The heat kicked on with a clang, and a Pavlovian sweat beaded my upper lip. I was still flushed from my hot shower, and the document in my hands had taken on the degree of tinder. The victims’ assistance committee had reviewed our claim and found us “ineligible for financial restitution due to a sexual relationship exclusion in the eligibility requirements, foreclosing recovery for claimants found to contribute to their own injuries.” They sent along their deepest sympathies for our terrible ordeal, but it was their elected duty to protect the program. The rules were the rules.
RUTH
Issaquah
Winter 1974
It’s unbelievable,” Tina was still saying once we’d landed back in Seattle and gotten into her Cadillac. “How could she just disappear into thin air like that?” I had filled her in on my conversation with Gail in the elevator.
“It’s what happened to the University of Washington student earlier this year,” I recalled. “The one who read the ski reports. She went into her room, and in the morning she wasn’t in her bed, and no one has seen her since.”
Tina and I drove along in mournful contemplation, thinking about the impossibility and the possibility of something like that happening to us.
“You know,” Tina said bashfully as she exited the highway and braked for the stop sign at the bottom of the off-ramp, “you’re always welcome to come stay with me for a while. I would be grateful to you, really. Being in that big house all alone? I’m feeling spooked.” She saw my mouth tighten and insisted, “You’d be doing me a huge favor, Ruth. I know it’s a lot to ask, but I just figured I’d put it out there.”
She was doing that rich-person thing again, begging me to take pity on her by accepting all her charities. The clothes, the trip, a six-bedroom mansion in which to crash. Yet there I was, wearing her clothes, having returned from her trip. It was a very effective ploy.
“Thank you,” I told her, and I did mean it, “but my mom really needs my help right now.”
Tina took her time turning onto my street, in case I changed my mind mid–tire rotation. Quietly, she asked, “With what?”
The question threw me.
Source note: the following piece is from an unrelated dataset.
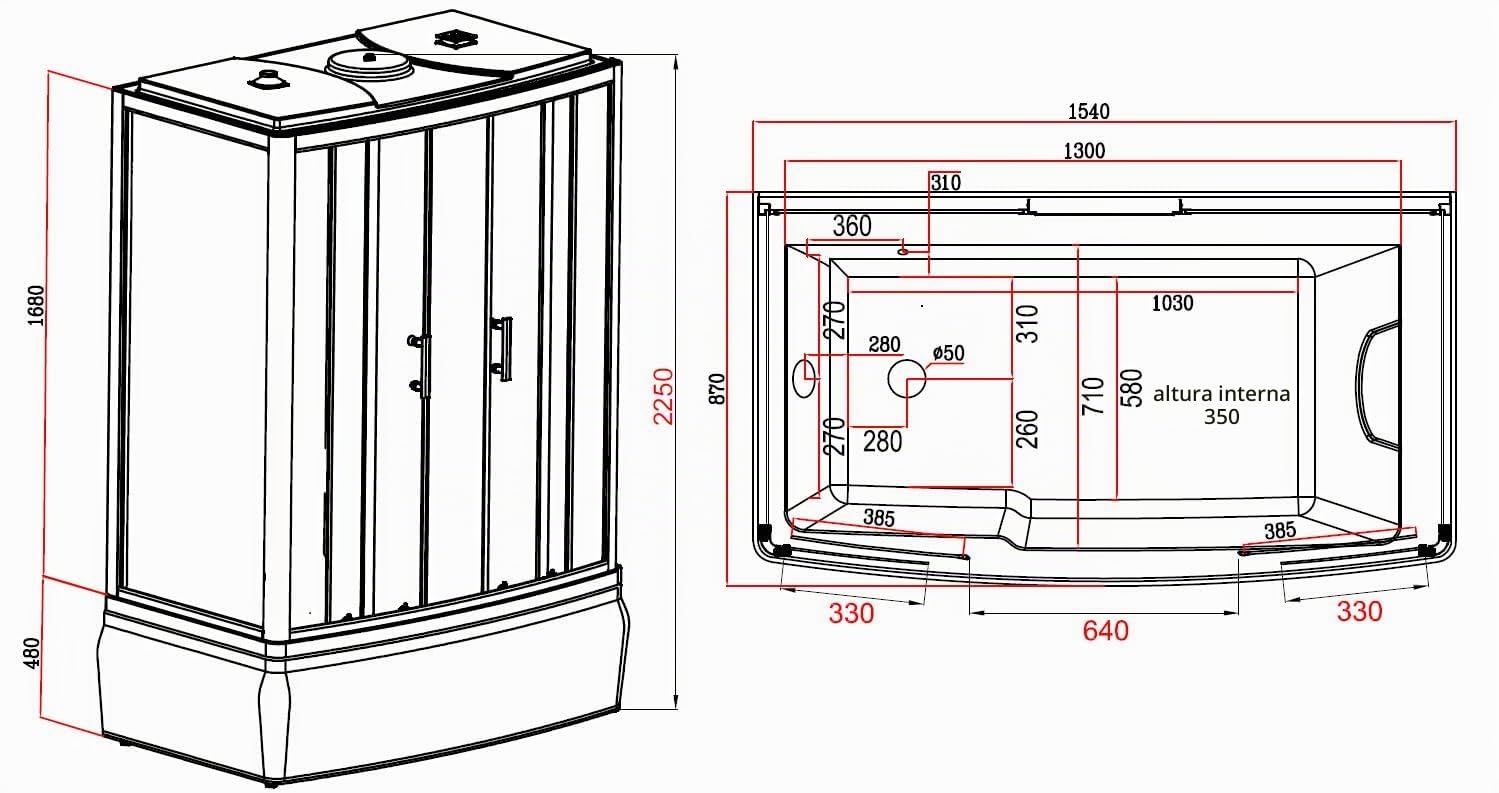 Sanotechnik Cabina de ducha de vapor Nevada, 87 x 154 x 225 cm, cabina de ducha, combinación, chorros de masaje, con radio y altavoz, cristal de seguridad, ducha completa, con plato de ducha, cabina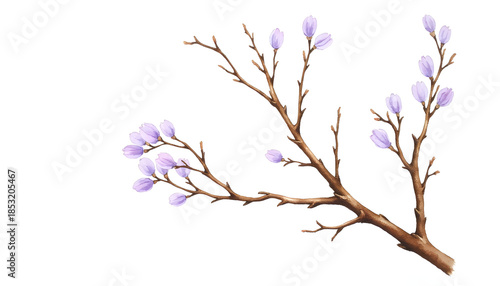 Pastel watercolor painting of spring twigs with lavender flowers, renewal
I had to rack my brain for a satisfying answer, and all I could come up with was “Stuff around the house.”
“I see,” Tina said in a tone that conveyed the opposite of seeing.
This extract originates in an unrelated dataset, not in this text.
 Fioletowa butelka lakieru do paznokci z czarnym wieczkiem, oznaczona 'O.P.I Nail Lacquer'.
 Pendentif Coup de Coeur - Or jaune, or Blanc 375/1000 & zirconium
“Cleaning. Cooking. Paying bills,” I added, beefing up my role. “My dad used to do all that for her. She’d be a wreck on her own.”
“My mom was pretty depressed when I left home too,” Tina said. “I mean, when I really left. Like never-coming-back left. But you know what?” She pulled into my driveway, and we sat facing the small rambler I called home. The headlights of the Cadillac illuminated the stains on the aluminum siding that I’d been meaning to scrub off all winter.
“What?” I asked finally, because Tina had turned to look at me, waiting for me to engage.
“She’s fine, Ruth. She survived it.”
For a moment we tracked the silhouette of my mother in a window, puttering around the kitchen.
“She’ll be okay too,” Tina said.
* * *
“I’m back!” I shouted, and held my breath. My mother would have heard the car in the driveway and the front door close behind me, but I had learned long ago to announce myself when I entered the house. I was good at gauging my mother’s mood based on the tenor of her response, and I preferred to step into her arena prepared.
“In here,” came my mother’s barely audible reply. She was angry with me, but she didn’t have any reason to be, meaning she would have to find one. I walked into the kitchen knowing it would end brutally.